**SUPPLIED RECORDS**
+--
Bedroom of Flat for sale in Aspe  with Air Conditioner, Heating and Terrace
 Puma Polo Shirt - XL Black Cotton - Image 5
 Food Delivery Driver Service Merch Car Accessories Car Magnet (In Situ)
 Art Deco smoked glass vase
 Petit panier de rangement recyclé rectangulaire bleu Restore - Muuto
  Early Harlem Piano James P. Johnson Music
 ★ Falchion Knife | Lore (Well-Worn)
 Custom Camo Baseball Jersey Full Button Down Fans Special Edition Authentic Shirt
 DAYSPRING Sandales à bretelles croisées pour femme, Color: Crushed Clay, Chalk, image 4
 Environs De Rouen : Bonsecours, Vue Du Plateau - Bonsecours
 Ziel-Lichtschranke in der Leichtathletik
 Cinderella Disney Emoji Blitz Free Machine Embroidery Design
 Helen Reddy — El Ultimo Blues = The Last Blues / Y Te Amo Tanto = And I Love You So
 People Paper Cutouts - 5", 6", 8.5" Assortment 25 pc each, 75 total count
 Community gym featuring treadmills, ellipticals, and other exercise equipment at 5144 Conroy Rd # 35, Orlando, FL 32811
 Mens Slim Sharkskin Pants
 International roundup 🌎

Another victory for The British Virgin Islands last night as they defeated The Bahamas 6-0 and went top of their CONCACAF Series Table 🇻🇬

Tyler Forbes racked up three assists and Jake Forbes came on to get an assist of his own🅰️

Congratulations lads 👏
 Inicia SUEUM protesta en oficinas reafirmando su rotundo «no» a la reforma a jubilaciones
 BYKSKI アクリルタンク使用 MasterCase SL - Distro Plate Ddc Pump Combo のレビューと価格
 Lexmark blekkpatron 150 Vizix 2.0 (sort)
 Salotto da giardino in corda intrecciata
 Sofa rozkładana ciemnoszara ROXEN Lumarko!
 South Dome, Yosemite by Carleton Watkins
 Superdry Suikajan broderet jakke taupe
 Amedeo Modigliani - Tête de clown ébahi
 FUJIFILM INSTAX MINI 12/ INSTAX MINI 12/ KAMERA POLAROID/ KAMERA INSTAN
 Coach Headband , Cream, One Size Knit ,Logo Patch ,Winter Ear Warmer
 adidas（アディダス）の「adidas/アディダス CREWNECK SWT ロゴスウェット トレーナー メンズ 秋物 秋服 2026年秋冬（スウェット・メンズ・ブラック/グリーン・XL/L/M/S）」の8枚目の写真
+--
**INSTRUCTIONS FOR THE TASK**
Look through the entries and copy every line in which the string "Shirt" appears.

**ANSWER TO THE PROBLEM**
 Puma Polo Shirt - XL Black Cotton - Image 5
 Custom Camo Baseball Jersey Full Button Down Fans Special Edition Authentic Shirt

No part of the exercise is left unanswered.